Da’i dan mujahid Islam terkenal, Imam Hasan Al-Bana mengatakan, “Ikhlas itu kunci keberhasilan.” Menurut Al-Bana, para salafushalih yang mulia, tidak menang kecuali karena kekuatan iman, kebersihan hati dan keikhlasan mereka. “Bila kalian sudah memiliki tiga karakter tersebut, maka ketika engkau berpikir maka Allah akan mengilhamimu dengan petunjuk dan bimbingan. Jika engkau beramal, maka Allah akan mendukungmu dengan kemampuan dan keberhasilan...” Al-Bana begitu serius memandang masalah ini, sehingga setelah kalimat tadi ia mengatakan, “.. Tapi bila ada diantara kalian yang hatinya sakit, cita-citanya lumpuh, diselimuti oleh sikap egois (tanda tidak ikhlas), masa lalunyapun penuh masalah, maka keluarkan ia dari barisanmu! Karena orang seperti itulah yang akan menghalangi rahmat dan taufiq Allah.” (A-awa’iq yang Muhammad Ahmad Rasyid)

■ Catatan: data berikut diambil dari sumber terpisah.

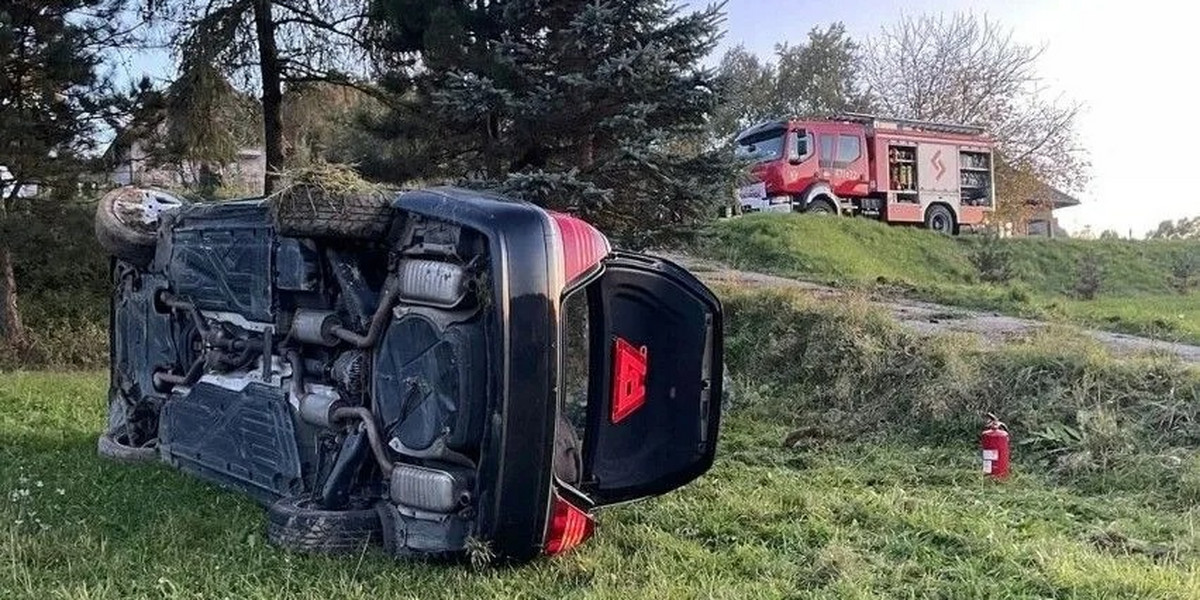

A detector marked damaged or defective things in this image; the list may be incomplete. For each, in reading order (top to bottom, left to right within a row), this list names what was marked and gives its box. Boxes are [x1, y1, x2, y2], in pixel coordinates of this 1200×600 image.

Hasan al-Bana tidak berlebihan. Karena orang yang tidak ikhlas umumnya tidak selamat dalam perjalanan, “Hanya orang yang tidak ikhlas yang akan tergelincir.” (Shaidul Khatir, 355)
Saudaraku...
Dengan keikhlasan, kita jadi tak mudah diperdaya oleh nafsu. Dan itulah nikmat yang hanya dirasakan para mukhlisin. Seperti yang tertuang dalam nasihat Ibnul Qayyim rahimahullah, bahwa mengutamakan kelezatan iffah (menjaga diri dari perbuatan durhaka), lebih lezat daripada kelezatan maksiat. Dalam kesempatan lain ia mengatakan, “Rasa sakit yang ditimbulkan oleh mengikuti hawa nafsu lebih dahsyat daripada kelezatan yang dirasakan seorang karena mempertaruhkan hawa nafsu.”
Sampai akhirnya... kita benar-benar meresapi perkataan salafushalih yang dikutip Syekh Muhammad Rasyid dalam Al-Awa’iq, “Berusaha sekuat tenaga menekan hawa nafsu itu adalah kelezatan. Kelezatan diatas kelezatan.”[M. Nursani]

Read More...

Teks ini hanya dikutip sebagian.